After a picnic lunch and use of the local facilities, we drove roughly in the direction of home, deviating to visit a wine museum run by the Brotte company, deep in the heart of the Châteauneuf-du-Pape wine region. Through an audio guide and interactive series of displays, we learned about the region, wine characteristics and varieties. This region makes some of the much loved wines made famous by historical romantics, and has a strictly controlled AOC to ensure stability and consistency of vintage.
We learned about the (terrible, mostly) soils, and the techniques for growing hardy vines with deep roots and small yields that make possible the classic, complex, flavour profiles that typify Châteauneuf-du-Pape. The wine-making traditions in this region are centuries old and we got to taste some very expensive vintages. Unfortunately the sweetest of their wines was still too dry for Jo, although she did try a dessert wine.

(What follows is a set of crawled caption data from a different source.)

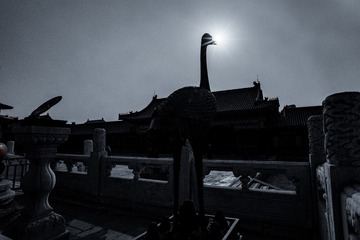 10600D0C-7A21-40BC-9AD4-7975A6191E26/L0/001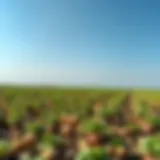 A vibrant potato field under a clear blue sky, showcasing the beauty of agriculture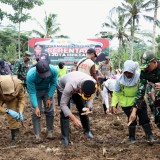 Menuju Swasembada Pangan, Polresta Banyuwangi Tanam Jagung Serentak 1 Juta Hektare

We bought a modest vintage as a working bottle for the next couple of nights for me (because life is too short not to drink wine, right?).
The next day, rested and refreshed (what a difference a good bed, great meal at a local Lyonnaise-style restaurant, and lush shower can make), we headed off again in our VDub towards Aix en Provence, or rather a large parking station in the outskirts of the city. Aix, like lots of provincial centres, has little parking or vehicular access in the town centres. Aix runs shuttle bus services from parking stations, so we donned our backpacks, purchased return tickets and bussed into town.
Jo was strategic. Aix is usually rich as a shopping and food location, but Saturday is market day with many of the squares packed out with themed stalls selling local produce. We walked through the packed streets, visiting the flower markets, fruit and veggie, clothing, craft and ready to eat markets.
One of our plans was to purchase a rotisserie chook with potatoes cooked in the dripping (a provincial specialty) and we did for a reasonably good price. Triple bagged for the continued marketeering and journey home.
Aix en Provence is also known for its fountains, one of our walk navigators was to visit as many of them as we could. Some grand, some obscure or missing, some important sources of fresh water, others merely decorative. One of many things we have noticed about Provence as a region is the abundance of water – maybe it is this time of the year? Streams and channels beside roads run full and most towns have fountains of potable (drinkable) water.
We shopped, lunched, wandered and really enjoyed our time in Aix, then bussed back to the parking station, argued with the ticket pay machine, gained exit and were on our way to home base again.
Warmed up rotisserie chook and potatoes for dinner (with a lovely glass of wine), leftover chook for sandwiches the next day, a master stroke in planning. Our feet and legs glad to stop walking, our fitbits holding off calling an ambulance but congratulating us on achieving our weekly fitness goals again in a couple of days.